Elastic Scaling

The core Clearwater nodes have the ability to elastically scale; in other words, you can grow and shrink your deployment on demand, without disrupting calls or losing data.

This page explains how to use this elastic scaling function when using a deployment created through the automated or manual install processes. Note that, although the instructions differ between the automated and manual processes, the underlying operations that will be performed on your deployment are the same - the automated process simply uses chef to drive this rather than issuing the commands manually.

Before scaling your deployment

Before scaling up or down, you should decide how many Bono, Sprout, Dime, Vellum and Homer nodes you need (i.e. your target size). This should be based on your call load profile and measurements of current systems, though based on experience we recommend scaling up a tier of a given type (sprout, bono, etc.) when the average CPU utilization within that tier reaches ~60%.

Performing the resize

If you did an Automated Install

To resize your automated deployment, run:

knife deployment resize -E <env> --bono-count <n> --sprout-count <n> --dime-count <n> --vellum-count <n> --homer-count <n>

Where the <n> values are how many nodes of each type you need. Once this command has completed, the resize operation has completed and any nodes that are no longer needed will have been terminated.

More detailed documentation on the available Chef commands is available here.

If you did a Manual Install

If you’re scaling up your deployment, follow the following process:

  1. Spin up new nodes, following the standard install process, but with the following modifications:
    • Set the etcd_cluster so that it only includes nodes that are already in the deployment and that are running as etcd masters (so it does not include any nodes being added).
    • Stop when you get to the “Provide Shared Configuration” step. The nodes will learn their configuration from the existing nodes.
  2. Wait until the new nodes have fully joined the existing deployment. To check if a node has joined the deployment:
    • Run cw-check_cluster_state. This should report that the cluster is stable and, if this is a Vellum node, it should also report that this node is in all of its clusters.
    • Run sudo cw-check_config_sync. This reports when the node has learned its configuration.
  3. Update DNS to contain the new nodes.
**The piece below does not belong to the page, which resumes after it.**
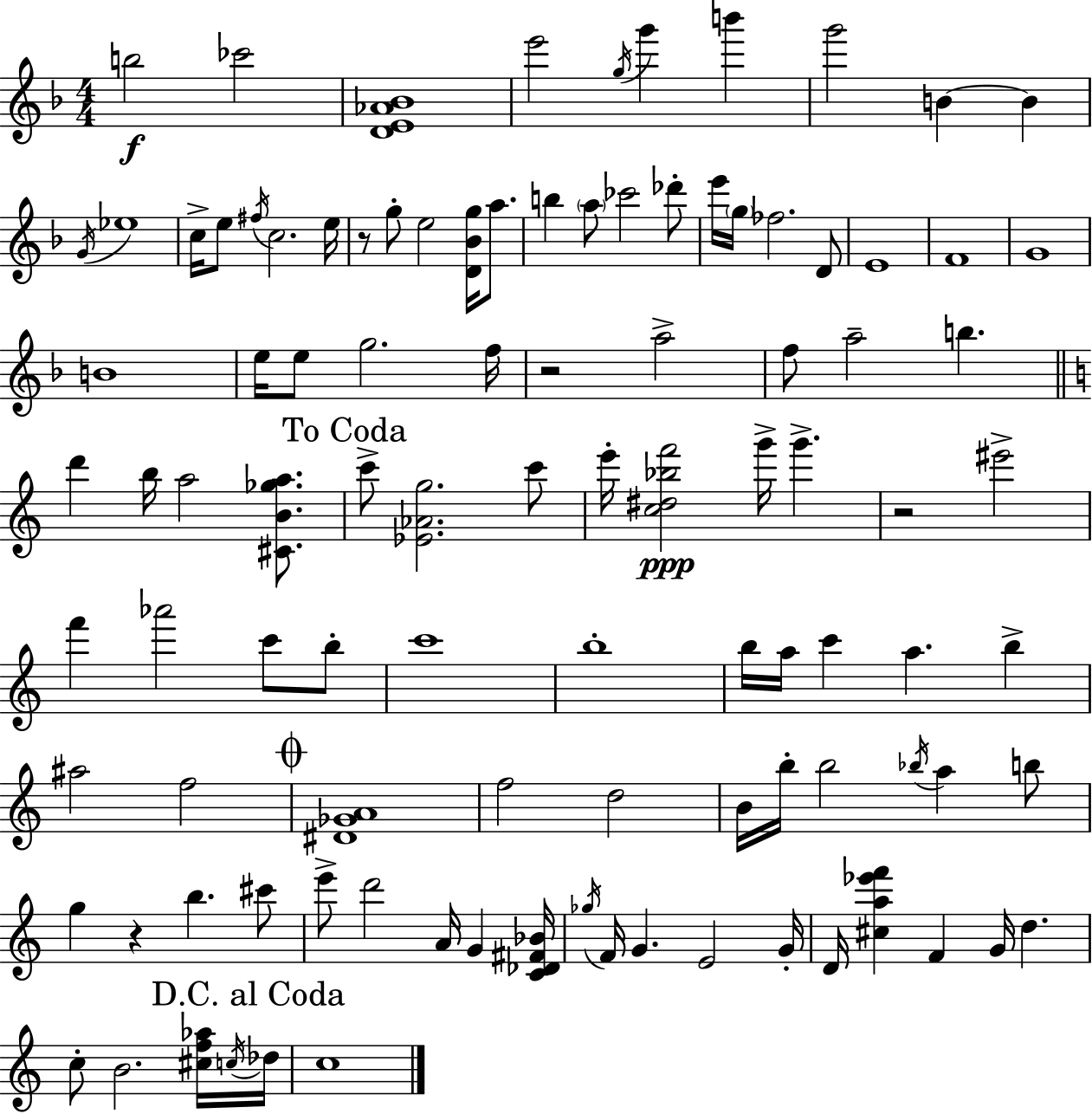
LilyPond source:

If you’re scaling down your deployment, follow the following process:

  1. Update DNS to contain only the nodes that will remain after the scale-down.

  2. On each node that is about to be turned down:

    • Run the appropriate command from the following (based on the node type) to stop processes from automatically restarting.

      • Bono - monit unmonitor -g bono
      • Sprout - monit unmonitor -g sprout
      • Dime - monit unmonitor -g homestead && monit unmonitor -g homestead-prov && monit unmonitor -g ralf
      • Vellum - n/a
      • Homer - monit unmonitor -g homer
      • Memento - monit unmonitor -g sprout
      • Ellis - monit unmonitor -g ellis
    • Start the main processes quiescing.

      • Bono - sudo service bono quiesce
      • Sprout - sudo service sprout quiesce
      • Dime - sudo service homestead stop && sudo service homestead-prov stop && sudo service ralf stop
      • Vellum - n/a
      • Homer - sudo service homer stop
      • Memento - sudo service sprout quiesce
      • Ellis - sudo service ellis stop
    • If the node you are turning down is a Vellum node, or another node configured to act as an etcd master, also do the following:

      • sudo monit unmonitor -g clearwater_cluster_manager
      • sudo monit unmonitor -g clearwater_config_manager
      • sudo monit unmonitor -g clearwater_queue_manager
      • sudo monit unmonitor -g etcd
      • sudo service clearwater-etcd decommission

      This will cause the node to leave its existing clusters.

  3. Once the above steps have completed, turn down the nodes.